REQUIREMENT: Reproduce every record below exactly as written, but leave out any pictures.
═════ ENTRIES PROVIDED
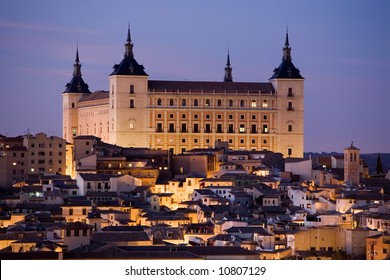 View Of The Alcazar In Toledo, Spain At Dusk.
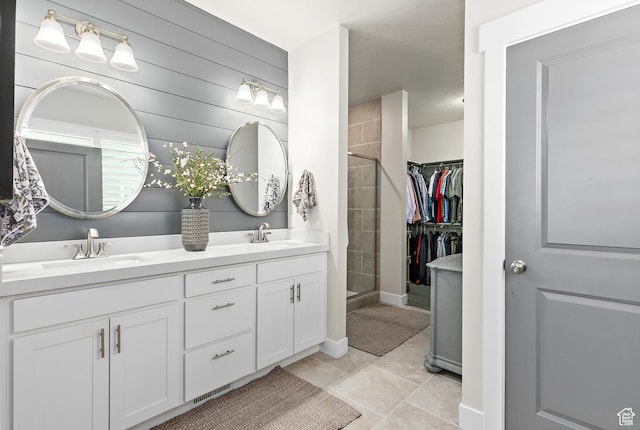 88 N Parkside Loop W, Elk Ridge, UT 84651 - full bath featuring double vanity, tiled shower, a walk in closet, tile patterned floors, and baseboards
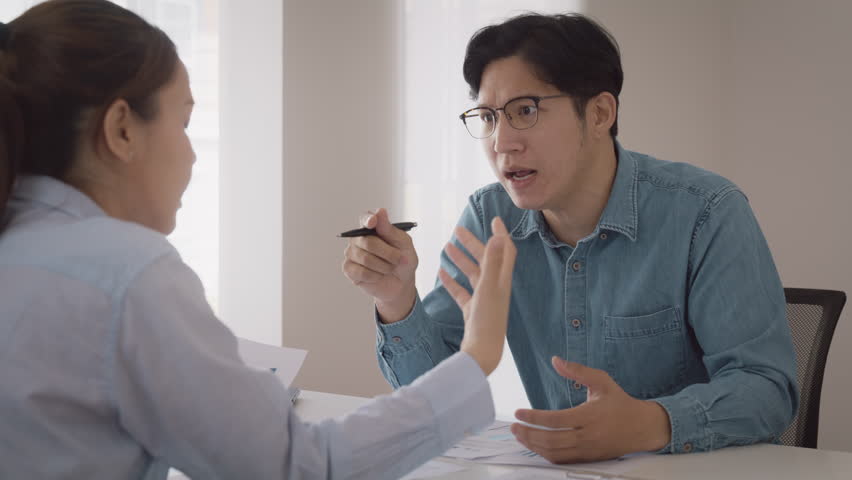 Bad CEO boss work argue point face stress rude yelling anger hate speech at female coworker. Two adult asia people man woman fight on meeting at office upset mad bossy male worker. Career job issue. | Shutterstock HD Video #1100692765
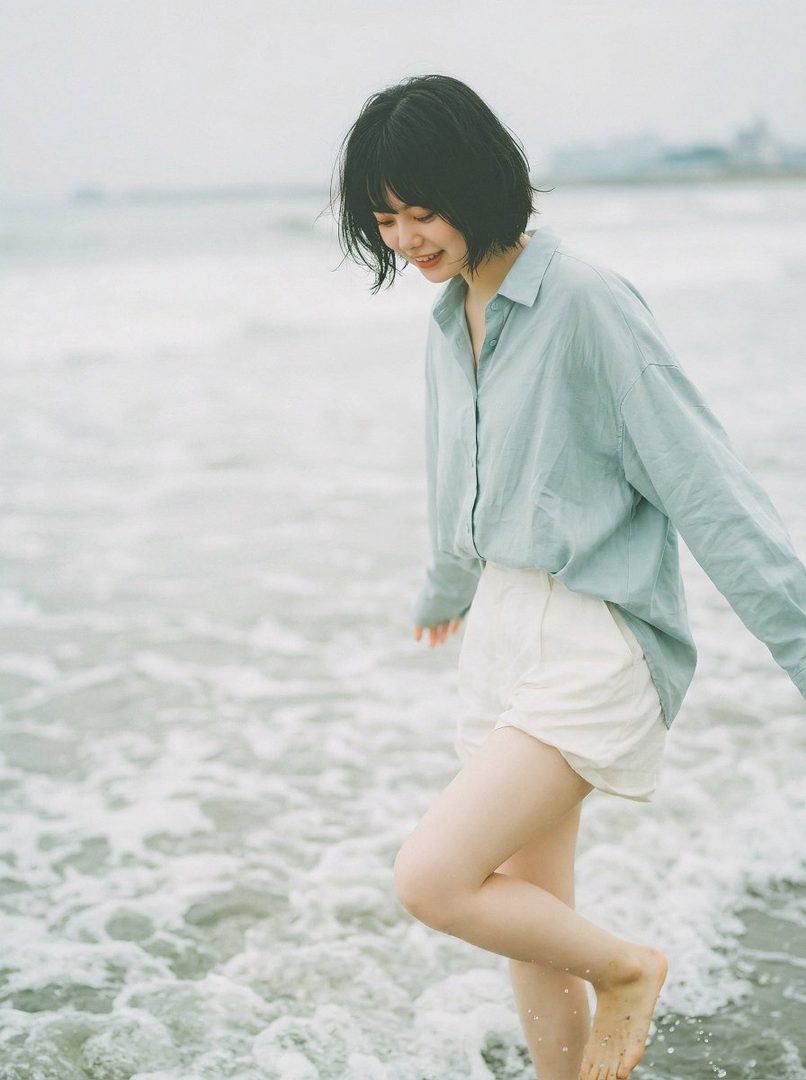 A young woman with short black hair and bangs, wearing a light blue shirt and white shorts, walks barefoot in the shallow water at the beach, smiling softly.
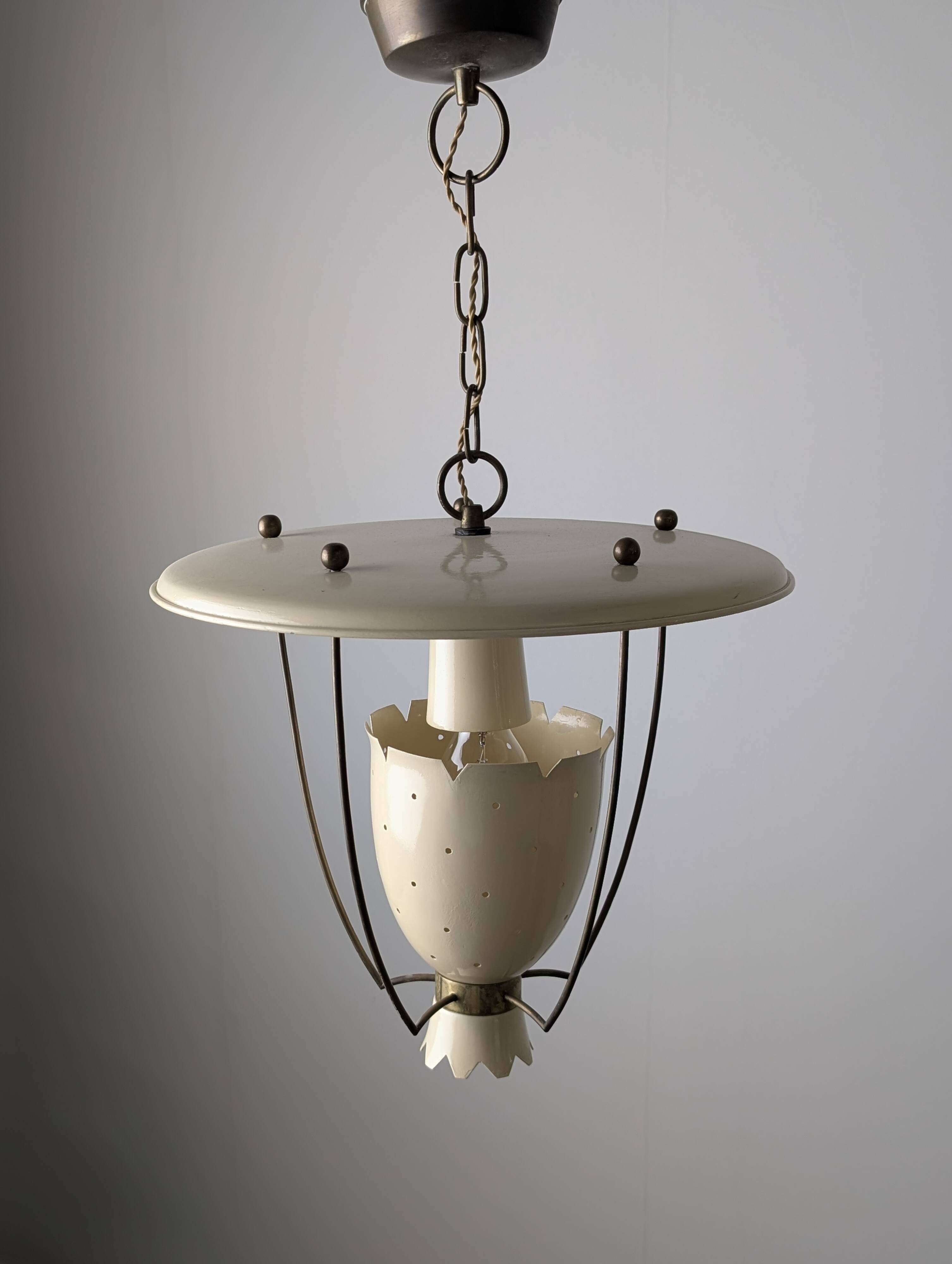 Perforated metal pendant lamp with brass details, Italy, 1940s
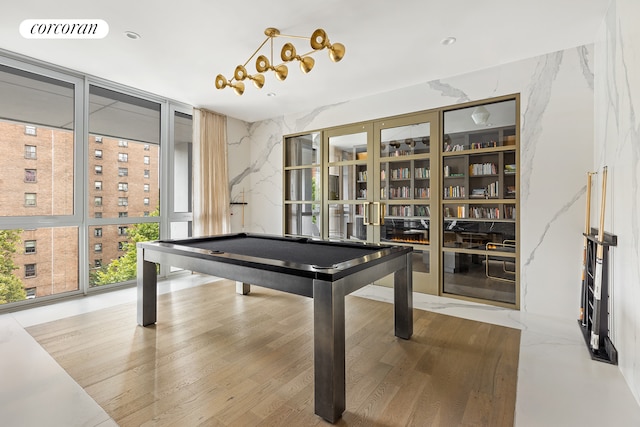 playroom with pool table, visible vents, and floor to ceiling windows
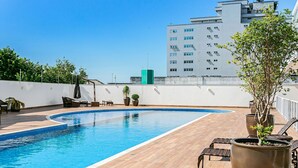 A rooftop swimming pool with lounge chairs and potted plants.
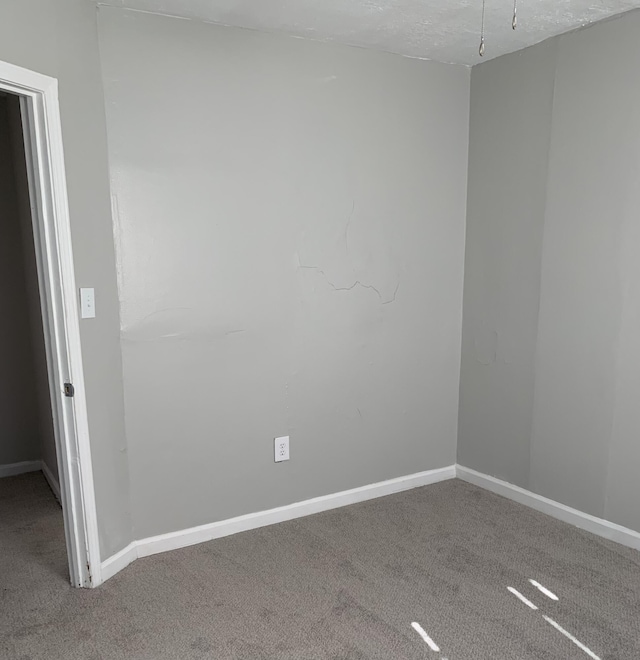 empty room featuring carpet flooring and a textured ceiling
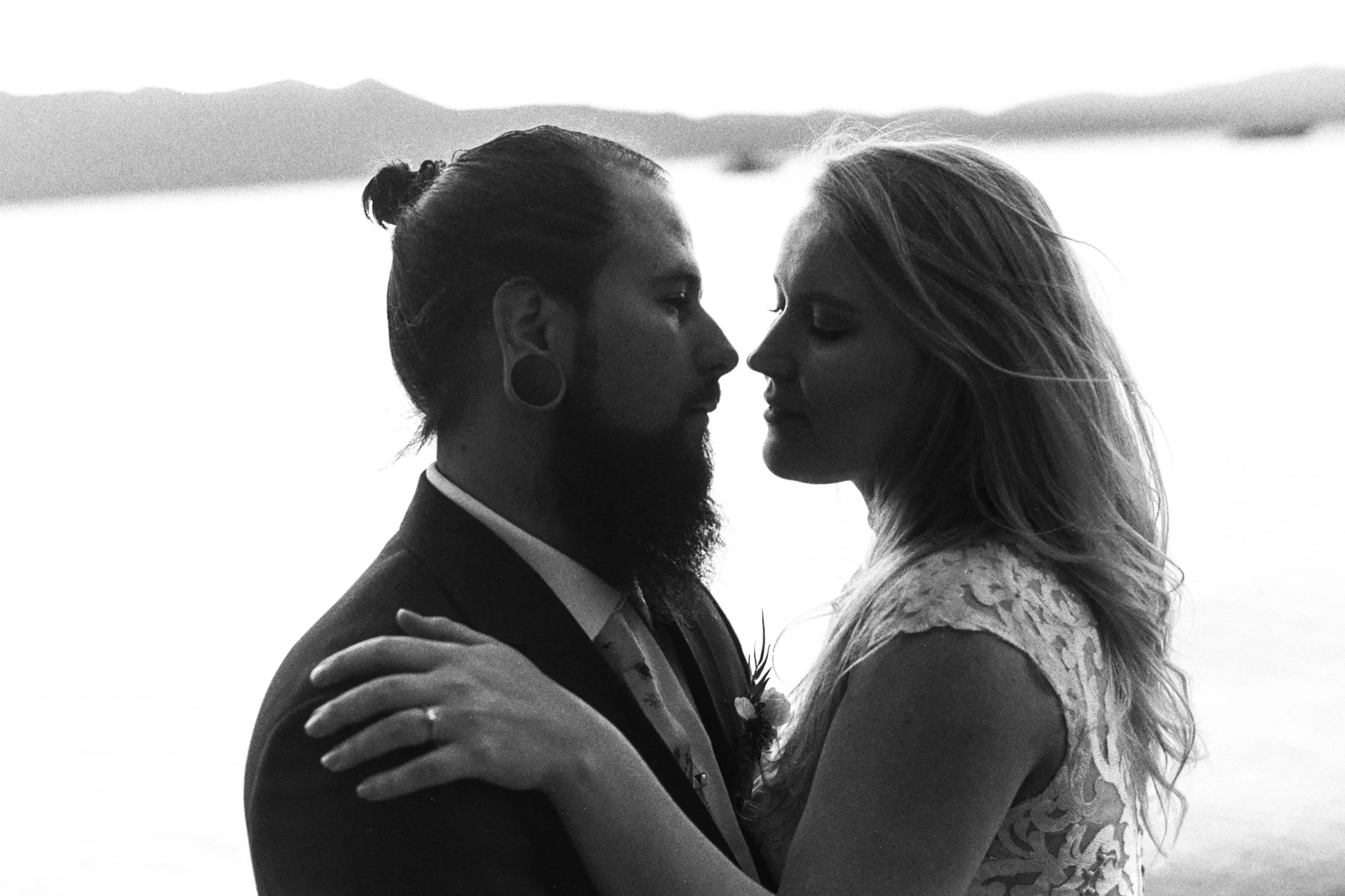 Black and white photo of a couple embracing each other closely with their foreheads touching, outdoors with a blurred landscape in the background.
══════════
RESPONSE AREA:
 View Of The Alcazar In Toledo, Spain At Dusk.
 88 N Parkside Loop W, Elk Ridge, UT 84651 - full bath featuring double vanity, tiled shower, a walk in closet, tile patterned floors, and baseboards
 Bad CEO boss work argue point face stress rude yelling anger hate speech at female coworker. Two adult asia people man woman fight on meeting at office upset mad bossy male worker. Career job issue. | Shutterstock HD Video #1100692765
 A young woman with short black hair and bangs, wearing a light blue shirt and white shorts, walks barefoot in the shallow water at the beach, smiling softly.
 Perforated metal pendant lamp with brass details, Italy, 1940s
 playroom with pool table, visible vents, and floor to ceiling windows
 A rooftop swimming pool with lounge chairs and potted plants.
 empty room featuring carpet flooring and a textured ceiling
 Black and white photo of a couple embracing each other closely with their foreheads touching, outdoors with a blurred landscape in the background.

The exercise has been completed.